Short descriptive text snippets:
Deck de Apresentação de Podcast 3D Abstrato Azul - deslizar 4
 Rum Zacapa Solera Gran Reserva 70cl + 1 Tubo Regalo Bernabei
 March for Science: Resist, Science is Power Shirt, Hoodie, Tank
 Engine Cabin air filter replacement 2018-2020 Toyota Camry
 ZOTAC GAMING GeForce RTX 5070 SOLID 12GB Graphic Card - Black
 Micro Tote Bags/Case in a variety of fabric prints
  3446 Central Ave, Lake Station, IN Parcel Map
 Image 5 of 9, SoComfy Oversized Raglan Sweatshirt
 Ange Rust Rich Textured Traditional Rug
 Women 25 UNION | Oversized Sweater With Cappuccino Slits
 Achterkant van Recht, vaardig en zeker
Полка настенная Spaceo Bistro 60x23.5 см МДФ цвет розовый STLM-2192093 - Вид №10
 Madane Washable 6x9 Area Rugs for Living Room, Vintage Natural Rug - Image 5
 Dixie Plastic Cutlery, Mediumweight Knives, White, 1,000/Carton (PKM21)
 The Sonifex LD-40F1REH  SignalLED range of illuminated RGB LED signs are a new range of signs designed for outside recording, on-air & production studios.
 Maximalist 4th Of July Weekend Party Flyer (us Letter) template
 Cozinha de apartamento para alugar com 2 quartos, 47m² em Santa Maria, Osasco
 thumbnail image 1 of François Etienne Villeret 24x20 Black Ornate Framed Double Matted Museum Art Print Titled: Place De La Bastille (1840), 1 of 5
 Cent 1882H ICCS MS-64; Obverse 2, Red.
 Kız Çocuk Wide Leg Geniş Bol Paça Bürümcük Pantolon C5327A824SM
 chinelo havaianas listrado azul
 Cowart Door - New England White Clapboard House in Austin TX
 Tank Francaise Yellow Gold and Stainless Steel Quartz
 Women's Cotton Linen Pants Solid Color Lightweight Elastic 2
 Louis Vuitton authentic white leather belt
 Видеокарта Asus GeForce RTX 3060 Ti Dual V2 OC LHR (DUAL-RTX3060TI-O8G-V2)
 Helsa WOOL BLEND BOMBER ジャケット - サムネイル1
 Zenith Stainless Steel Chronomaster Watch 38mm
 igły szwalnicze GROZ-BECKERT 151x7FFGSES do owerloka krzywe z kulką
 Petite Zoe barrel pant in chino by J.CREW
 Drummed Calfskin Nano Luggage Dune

EXERCISE DIRECTIONS.
All lines above from the line with "Ange Rust Rich Textured Traditional Rug" through the line with "Madane Washable 6x9", both included, are to be set down exactly, with nothing else.

COMPLETED EXERCISE.
 Ange Rust Rich Textured Traditional Rug
 Women 25 UNION | Oversized Sweater With Cappuccino Slits
 Achterkant van Recht, vaardig en zeker
Полка настенная Spaceo Bistro 60x23.5 см МДФ цвет розовый STLM-2192093 - Вид №10
 Madane Washable 6x9 Area Rugs for Living Room, Vintage Natural Rug - Image 5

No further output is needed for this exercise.